The integrated model projects a substantial global technical capacity for EV battery grid storage, ranging from 32 to 62 TWh by 2050, depending on the scenario (STEP-NCX, SD-NCX, STEP-LFP, SD-LFP). The SD scenario, aligned with the Paris Agreement, exhibits nearly twice the capacity of the STEP scenario. The LFP scenario generally shows slightly higher cumulative capacity than the NCX scenario due to lower degradation rates across most regions. The growth in cumulative vehicle-to-grid and second-use capacity is projected to be substantial (a factor of 13-16 between 2030 and 2050), exceeding the growth rates anticipated in several projections of short-term grid storage demand. Technical capacity from either vehicle-to-grid or second-use alone is sufficient to meet projected demands by 2050. Analysis of vehicle-to-grid opportunities reveals that 21–26% of the global theoretical battery capacity could be available for V2G services by 2050, with driving demands being the most significant constraint (limiting available capacity by 57–63%). Battery degradation contributes to only a minor loss (5% on average). Real-world vehicle-to-grid capacity is largely dependent on participation rates; for example, reaching 10 TWh of storage capacity in 2050 requires participation rates of 38% (STEP-NCX) and 20% (SD-NCX). For second-use batteries, the model assumes 100% collection of retired batteries, with those having >70% SoH considered for repurposing. Annual technical second-use capacity is estimated to reach 2.1–4.8 TWh by 2050, with cumulative capacity reaching 14.8–31.5 TWh, assuming a 10-year lifespan. Utilization rates significantly impact actual second-use capacity. The study finds that combining vehicle-to-grid and second-use capacities, with participation and utilization rates of 50%, would yield a real-world capacity of 25–48 TWh by 2050. Meeting short-term storage demands by 2050 can be achieved with modest vehicle-to-grid participation rates (12–43%) in the absence of second-use batteries. If half of second-use batteries are utilized, the required vehicle-to-grid participation rate drops to below 10%. Even with a scenario assuming all BEVs have smaller 33 kWh batteries, EV batteries can still meet global short-term grid storage demand by 2050 with participation rates of 10–40% and half of second-use batteries utilized for stationary storage.
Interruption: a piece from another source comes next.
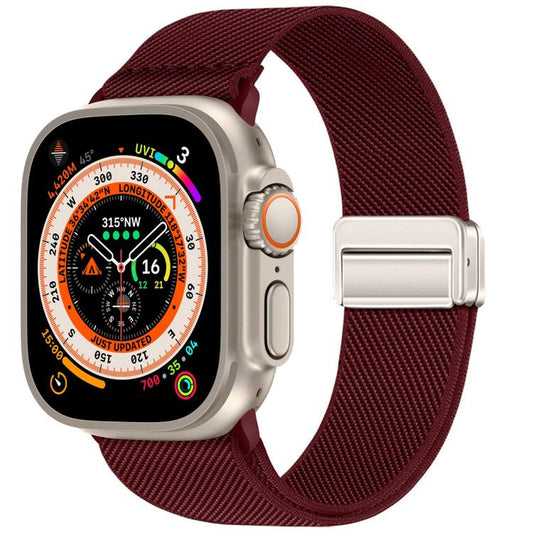 Double Magnetic Buckle Elastic Nylon Watch Band, For Apple Watch 49mm / 46mm / 45mm / 44mm, For Apple Watch 42mm / 41mm / 40mm / 38mm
This study provides a contrasting perspective to previous research suggesting that large EV fleets may negatively impact grid stability. The findings demonstrate the substantial potential for EV batteries to enhance grid stability through both V2G and second-use applications. The projected technical capacity significantly exceeds projected storage demands, indicating a substantial opportunity for grid support. However, realizing this potential depends critically on market participation rates for V2G and utilization rates for second-use batteries. These rates may vary regionally based on factors like incentives and infrastructure. Even under conservative scenarios, EV batteries can satisfy short-term grid storage needs, potentially as early as 2030, depending on storage requirement estimates and participation rates. Policymakers should leverage this opportunity by implementing strategies to encourage market participation, including market-based incentives and regulations. Further research is needed to understand and address barriers to EV user participation in V2G markets.
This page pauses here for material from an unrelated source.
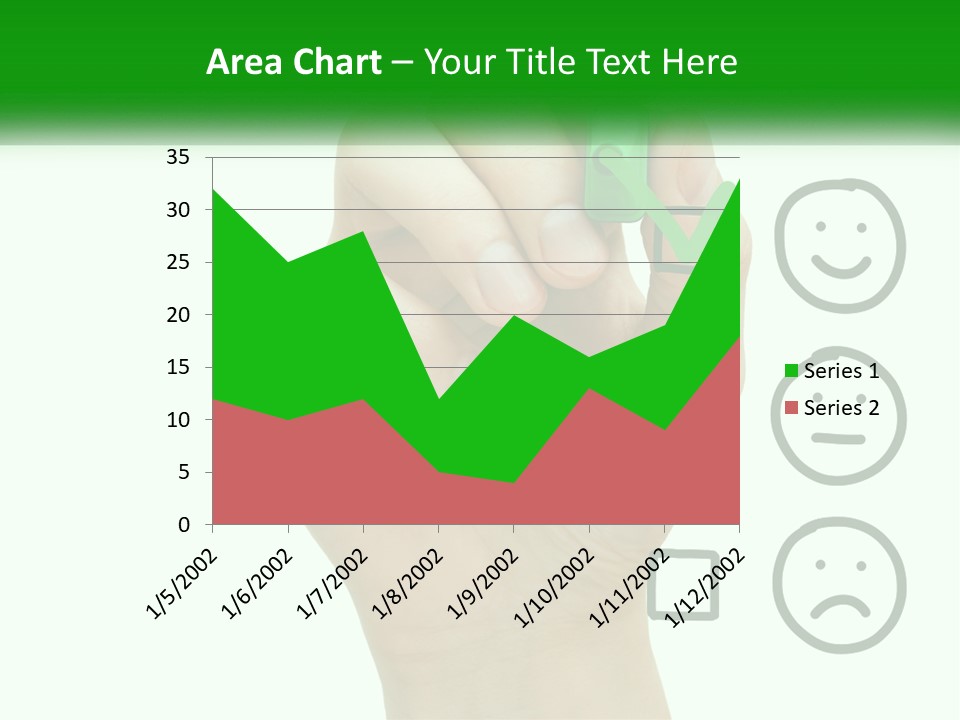 A Hand Writing On A White Board With A Green Marker PowerPoint Template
This study demonstrates that EV batteries possess significant potential to meet short-term grid storage demands, potentially as early as 2030. The projected technical capacity significantly surpasses anticipated storage needs, highlighting a substantial opportunity for grid stabilization and renewable energy integration. However, realizing this potential depends heavily on achieving sufficient market participation rates for V2G and utilization rates for second-life battery applications. Policy interventions, including financial incentives and regulatory frameworks, are crucial to encourage participation and unlock the full potential of EV batteries in grid energy storage. Future research should focus on refining battery degradation models, investigating the impacts of diverse charging behaviors and technologies, and exploring the potential for even more widespread adoption of these technologies.
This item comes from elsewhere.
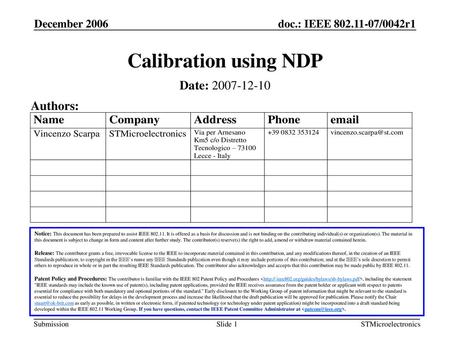 Calibration using NDP Date: Authors: December 2006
Several limitations should be considered when interpreting the results. Future battery degradation remains uncertain, and the model relies on existing data and projections that may not fully capture technological advancements or shifts in driving habits. The model simplifies battery temperature to city ambient temperature, potentially overlooking the influence of thermal management systems. The comparison with storage requirements uses a standardized 4-hour storage duration, omitting potential variations at shorter timescales. The assumption of consistent battery capacity per vehicle may not hold in the future, and radical changes to transportation systems could also affect available capacity. Furthermore, the study's assumptions regarding battery collection and repurposing rates might need adjustments as the industry evolves.